Though Jan Svoboda expressed himself through photography, he rejected the label “photographer” and considered himself an artist in general. His work was created in close contact with painters and sculptors from the late 1950s to the late 1980s, and it profoundly influenced the next generation of photographers. It is characterised by an unprecedented lyrical sensitivity, precision, and an inward-looking concern with artistic problems. In the history of Czech photography, it is progressive, yet solitary and difficult to classify. In the form and content of his works, Svoboda tested the means and possibilities of photography. The self-reflexive critique of the medium, which he arrived at independently of contemporary conceptual tendencies, foreshadowed the development of photography on an international level. Although he was ahead of the global trend, his name is still not sufficiently established in the history of world photography.[1]

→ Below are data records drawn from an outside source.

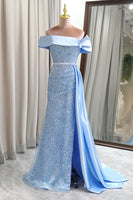 Load image into Gallery viewer, Glitter Light Blue Sheath Long Sequined Formal Dress With Slit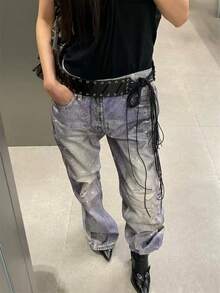 1 件纯色复古 PU 皮革流苏腰带，交叉系带环扣，西部 Y2K 波西米亚风格，适合所有节日、所有季节使用，夏季、秋季、万圣节 - 黑色 - 查看 5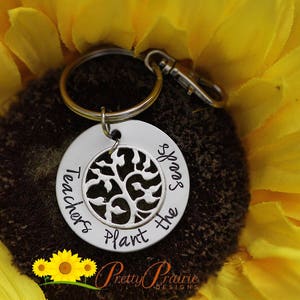 Teachers Plant the Seeds Keychain, Personalized, Student Teacher Gift, Hand Stamped, Maestras Plantan las Semillas, ESL Teacher Gift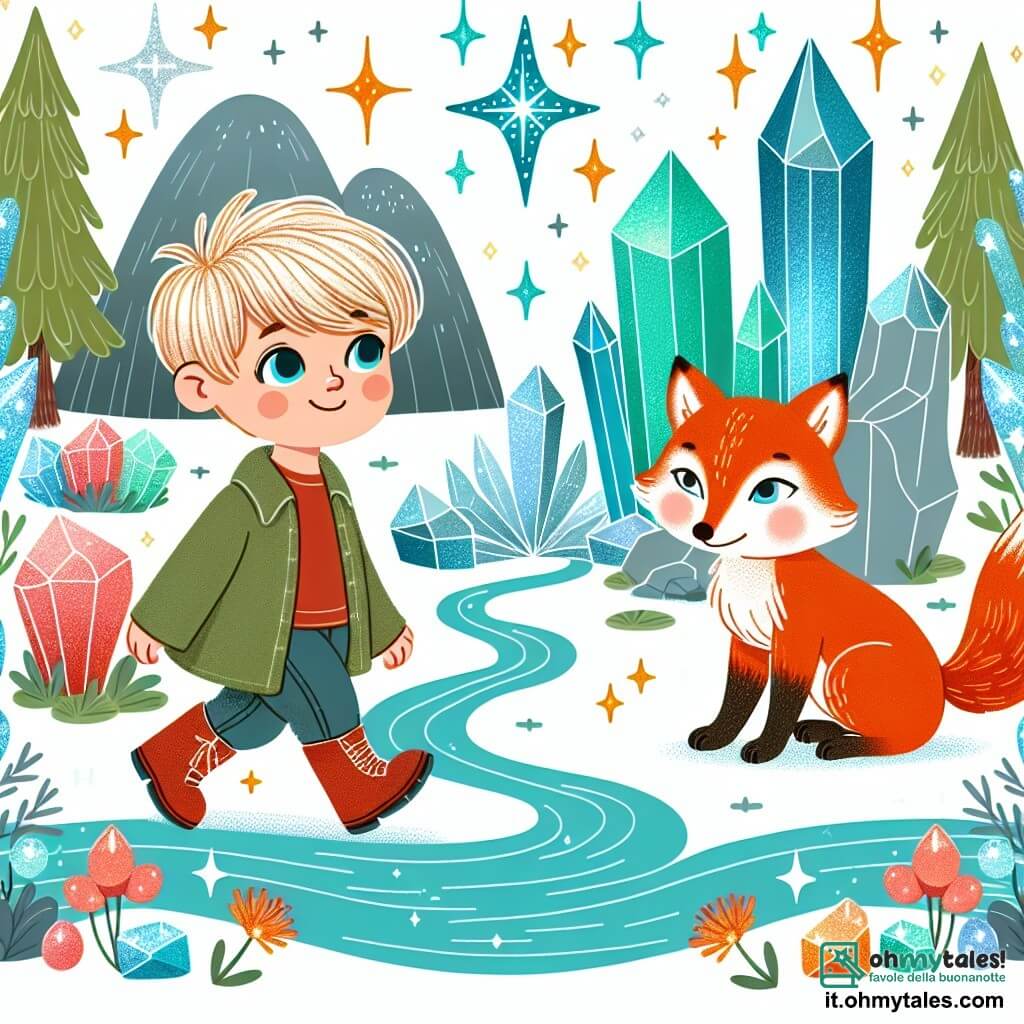 Une illustration destinée aux enfants représentant un jeune garçon minuscule, aux bottes magiques, marchant à travers une forêt enchantée en compagnie d'un renard malicieux, dans un royaume de cristal scintillant aux arbres lumineux et aux rivières d'émeraude.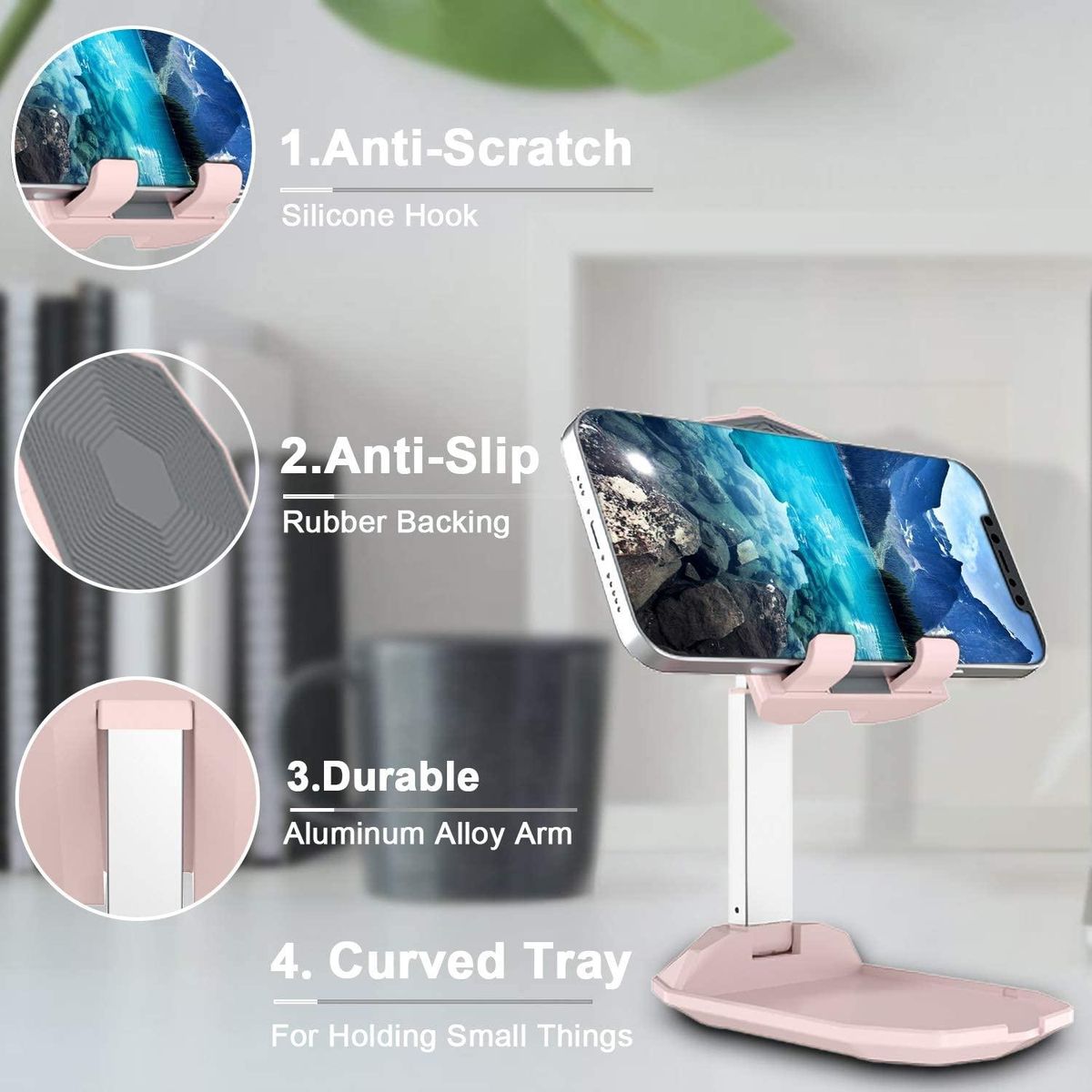 Cell Phone Stand for Desk,Cute Adjustable Cell Phone Holder Fully Foldable Portable Phone Dock Hands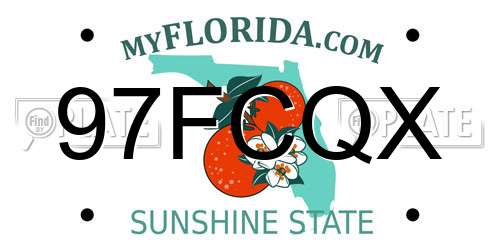 97FCQX Florida License Plate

Svoboda was a romantic and saw art as a tool for self-expression. He came to the medium gradually and as a photographer was an autodidact. In his youth he tried his hand at poetry, and this is a quality evident in his later photographs. The subject matter of his early work reveals his fascination with ordinary, everyday objects and his search for archetypes. Parallels can be found in the work of Josef Sudek, whom Svoboda met in 1958. In his photographs from the first decade of his career, there are images of classical still lifes – eggs, pears, garlic, stones, but also fragments of landscapes, village gear, interiors and sculptures, all interconnected by his ingenious manipulation of light and composition. In the early years, the search for existential feeling was a fundamental theme, as well as his relationship to abstract expressionism (e.g. the series Kamen / Stones; Melancholy, 1963, Povrch / Surface, 1967). In the 1960s, in addition to several portraits, he also created a unique series of nudes (especially Triptych – Vlna, Krajina, Zátoka / Triptych – Wave, Landscape, Cove, 1964) depicting quite personal intimacy (the model was Svoboda’s second wife Anna Horáčková, later Svobodová). The artist presents the female body or fragments thereof in an abstract lyricism of an emotional nature, placing tenderness before sensuality. Parallels can be found in Svoboda’s friend, the painter Stanislav Podhrázský, whose works Svoboda also reproduced photographically.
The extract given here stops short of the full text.